National Agency for Information Society

Agency overview
- Formed: 2007
- Jurisdiction: Albania
- Headquarters: Tirana
- Agency executive: Mirlinda "Linda" Karçanaj, Director;
- Child agency: eAlbania;
- Website: akshi.gov.al

= National Agency for Information Society (Albania) =

Government agency of Albania

The National Agency for Information Society (AKSHI; Agjencia Kombëtare e Shoqërisë së Informacionit) is an institution of the Albanian Government under the direct supervision of the Prime Minister's Office. AKSHI's mission is to coordinate the development and administration of state information systems and promote the development of Information Society in Albania.

Within the 2009-2013 "Albania in the Digital Age" objective of the government led by Edi Rama, new legislation was adopted in line with EU standards enabling the digitalization of the National Civil Registry, the Electronic Public Procurement System, as well as the electronic provision of the Tax Service (since 2008) and Customs Declarations.

AKSHI developed and still administers the e-Albania portal which serves as a gateway through which any interested citizen can access via electronic means services provided by public institutions in Albania.

The current director is Mirlinda Karçanaj.

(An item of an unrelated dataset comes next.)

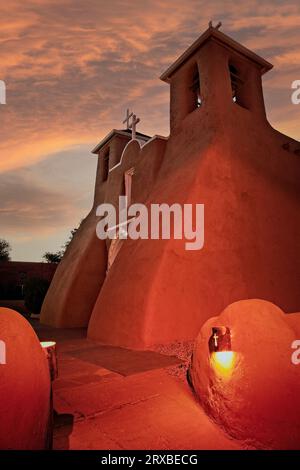 San Francisco de Asis Mission Kirche im Jahre 1815 abgeschlossen.  Ranchos de Taos, New Mexiko. Stockfoto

== AKSHI Public Procurement Investigation ==

In late 2025, SPAK unveiled a high-profile investigation into systemic corruption within the National Agency for Information Society (AKSHI). Prosecutors allege that a sophisticated criminal network rigged at least twelve public procurement procedures. Central to the investigation are businessmen Ermal Beqiri and Ergys Agasi. SPAK issued arrest warrants for both, with charges including money laundering, illegal competition, unlawful deprivation of liberty, violation of procurement offer equality, and participation in a structured criminal group. The crackdown also reached the highest levels of AKSHI’s leadership. Director Mirlinda Karçanaj and Deputy Director Hava Delibashi were placed under house arrest, while several other officials were hit with travel bans or mandatory reporting requirements. Prosecutors state that intercepted communications, digital recordings, and financial trails provide compelling evidence that lucrative contracts were deliberately steered toward companies linked to Beqiri and his collaborators.